North Korea claims it has final approval for nuclear attack on US

The North Korean army claimed Wednesday that it has final approval to launch a nuclear strike against the United States.

Agence France-Presse reported that the General Staff of the Korean People's Army said in a statement Thursday that it was formally notifying Washington that U.S. threats would be “smashed by … cutting-edge smaller, lighter and diversified nuclear strike means.”

ADVERTISEMENT
"The merciless operation of [our] revolutionary armed forces in this regard has been finally examined and ratified," said the statement, published by North Korea’s state-run Korean Central News Agency.

The comments from Pyongyang are the latest in a series of threats against both the United States and South Korea, as tensions have ratcheted up in the Korean Peninsula in recent weeks.

This is not the first time North Korea has threatened to strike the United States with a nuclear attack.
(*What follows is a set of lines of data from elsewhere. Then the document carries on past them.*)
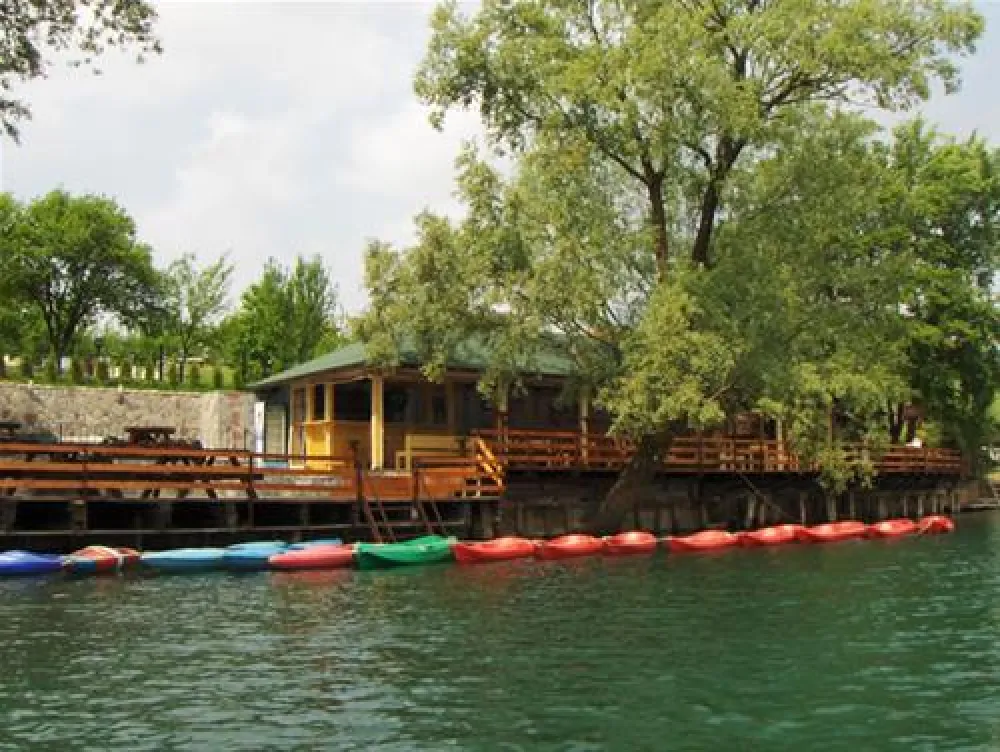 Kamp Una RC Kiro Rafting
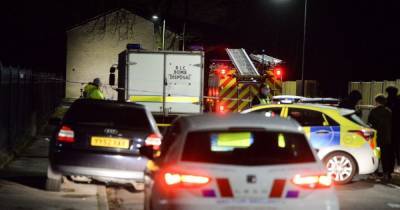 Piece of scrap metal sparks bomb squad and police in mass emergency services response - www.manchestereveningnews.co.uk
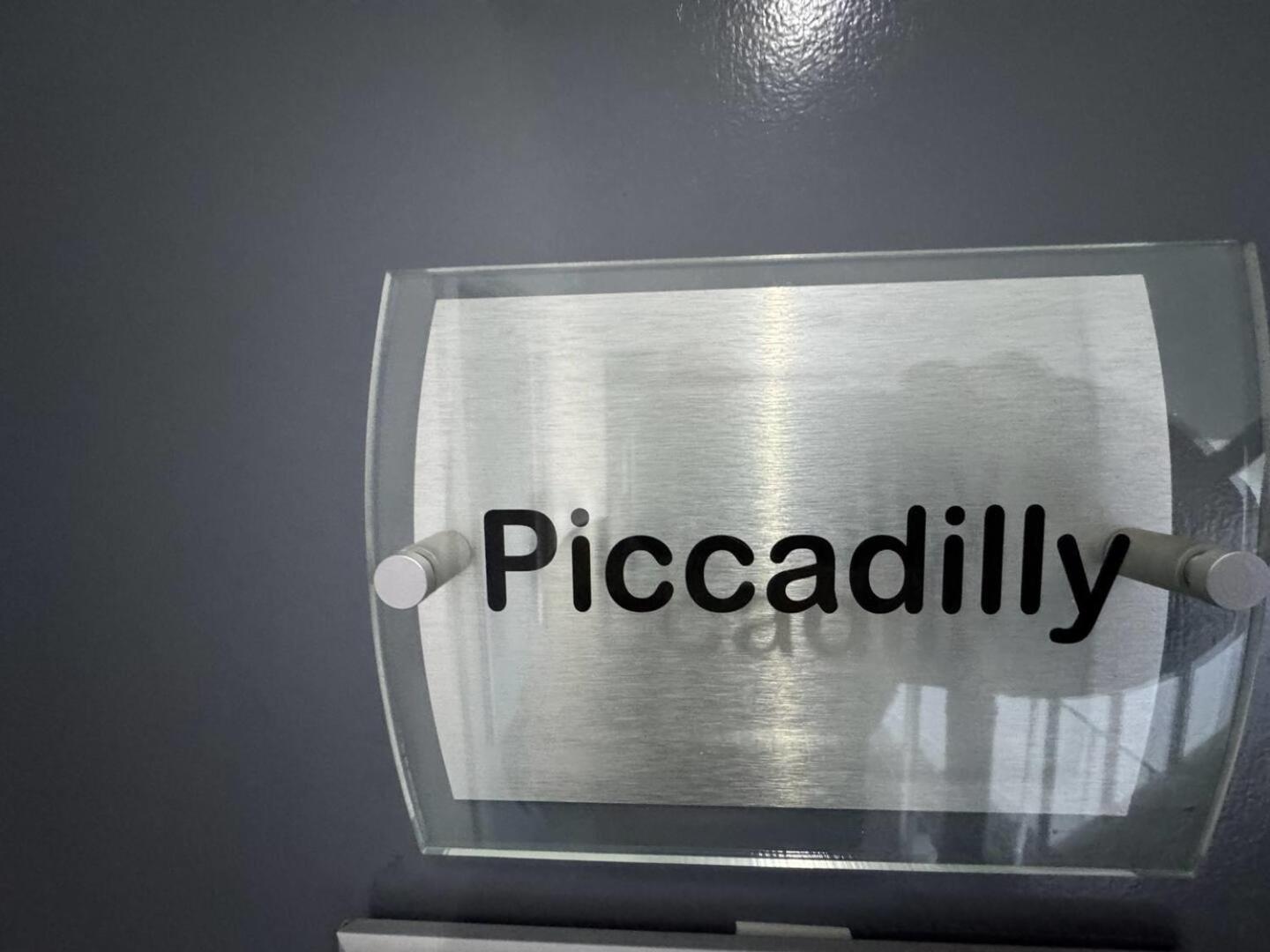 Piccadilly By Pureserviced Plymouth Bagian luar foto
Pyongyang, however, does not yet have the capability to launch a nuclear weapon toward U.S. soil, and most experts say the country is still years away from possessing the technology to do so.


Nonetheless, the Pentagon has taken several steps in response to the North Korean threats.

On Wednesday, the Pentagon deployed the Terminal High Altitude Area Defense system (THAAD), an anti-ballistic missile system to Guam in what was described as a “precautionary move” to counter the North Korean threats. Last month, Hagel announced the United States would deploy 14 additional ground-based missile interceptors in Alaska.

The military has also moved two Aegis-class destroyers toward the peninsula and flown stealth B-2 bombers, B-52s and F-22s into South Korea as part of joint military exercises.

In addition to its rhetorical threats, North Korea has cut lines of communication with the South and, on Wednesday, shut down a joint industrial operation on the border.

Defense Secretary Chuck Hagel said Wednesday that the North Korean threats and actions in the past few weeks present a “real and clear danger and threat.”

“We have to take those threats seriously,” Hagel said in response to an audience question after a speech Wednesday. “I think we have measured, responsible, serious responses to those threats.”